Support triage where the AI drafts and humans keep the veto
Trigger: helpdesk webhook · Pattern: classify → confidence gate → send or pause · Sample:
examples/use-cases/support-triage.toml· Status: runs today (intel-remote,schema,tools-http-tls)
The problem
Support teams don't drown in hard tickets; they drown in the hundred easy ones between each hard one. "How do I reset my API key" deserves a fast, correct, warm answer — it does not deserve twenty minutes of a senior engineer's queue time. But full auto-reply is how you get the other failure: a confidently wrong bot answer on a P1, screenshotted, viral.
The question every support lead actually asks: can the AI answer the easy ones and reliably know which ones aren't easy?
What the agent does
- The helpdesk webhooks every new ticket to the workflow.
- One schema-enforced LLM step does three jobs at once: classifies
severity (
p1|p2|p3) and topic, drafts a reply in your voice, and — the load-bearing part — rates its own confidence ashighorlow. The schema makes that a forced binary, not a hedge. - A
switchon confidence routes the graph:- high → the reply posts to the ticket immediately.
- low → the run checkpoints and stops (
pause_for_approval). A human reads the draft — in the helpdesk, or viaagentd inspect— edits if needed, and resumes the run to send.

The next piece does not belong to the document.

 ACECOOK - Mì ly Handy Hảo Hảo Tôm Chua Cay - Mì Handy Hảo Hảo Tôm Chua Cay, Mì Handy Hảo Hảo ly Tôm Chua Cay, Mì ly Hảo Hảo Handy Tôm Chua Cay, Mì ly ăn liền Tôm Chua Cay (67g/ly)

- Every classification, draft, and decision lands in the audit log.
The confidence gate is the product
Two design choices make this deployable where naive auto-reply isn't:
- The gate is a declared edge, not a vibe. "When confidence is low, a human approves" is written in the workflow file — reviewable in a pull request, signable, and impossible for the model to route around. The model can be wrong about its confidence; it cannot act on that wrongness beyond producing a draft a human reads.

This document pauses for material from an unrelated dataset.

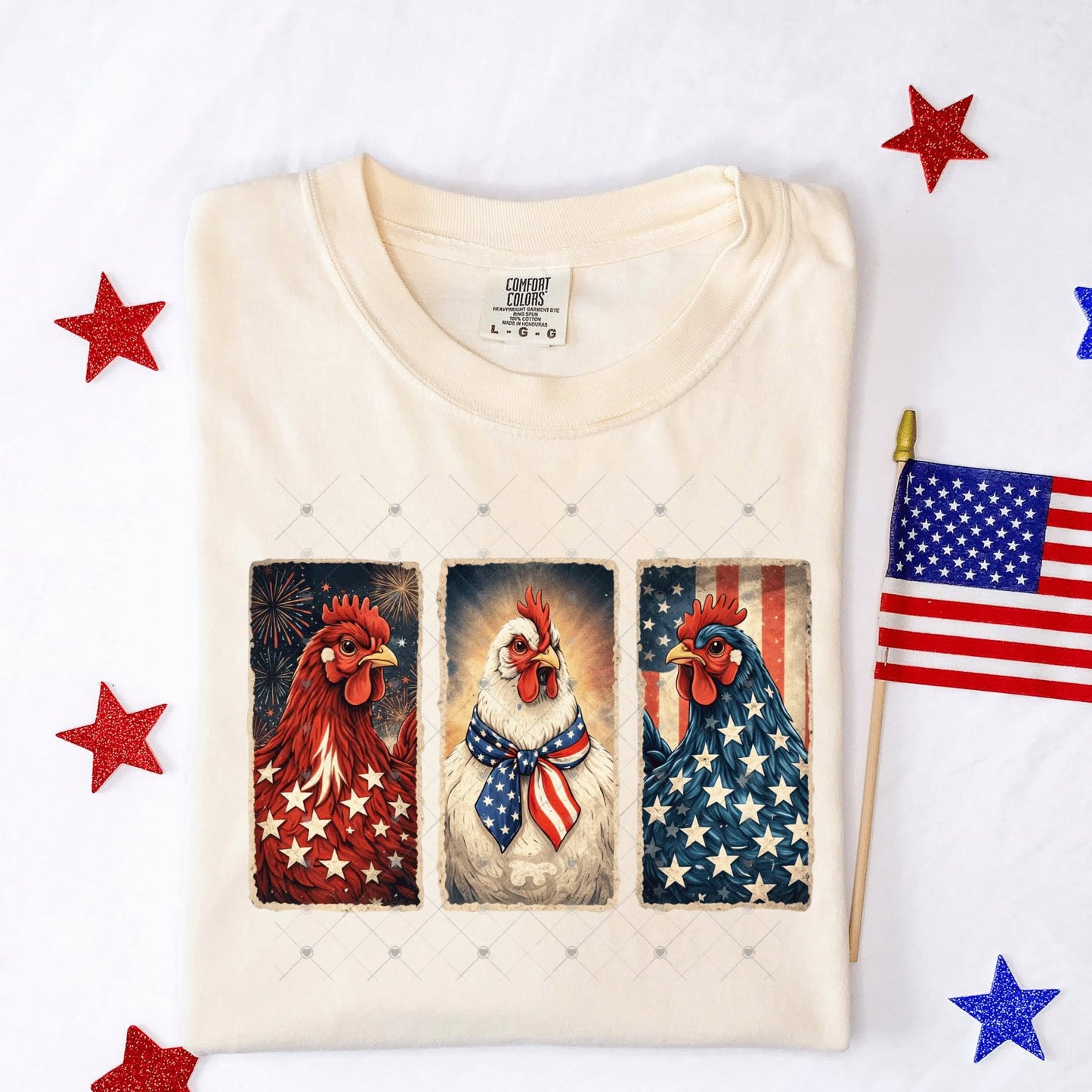 Fourth of July with this adorable patriotic chicken  tee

- The pause is durable. A paused run is a checkpoint on disk with a
run id, not a thread blocking in memory. Restart the daemon, come
back Monday —
--resume RUN_IDpicks up exactly where it stopped. Human-in-the-loop that survives a deploy.
[[edges]]
from = "gate"
when = "high"
to = "reply_url" # straight to the customer
[[edges]]
from = "gate"
when = "low"
to = "human_review" # checkpoint; a person owns the send
Turning the dial as trust grows
Day one, you might route everything through human_review — the
agent as a drafting assistant. After a month of audit logs showing the
high drafts were shippable, flip the high edge to post directly.
After a quarter, maybe p3 + high skips review and p1 never does.
Each step is a one-line edge change with a paper trail — and the
conformance suite can hold a regression bar over
the classifier (min_pass_rate) so a model update that degrades triage
fails CI instead of failing customers.
Honest limits
- Replies post via the helpdesk's HTTPS API (
tools-http-tls). If your helpdesk only does email-out, pair this with the inbox concierge pattern instead. - Retrieval is the next increment: wiring a knowledge-base MCP server
(
read_mcp_resource) into the draft step grounds answers in your docs. The pattern doesn't change — one more bounded read before the same gate.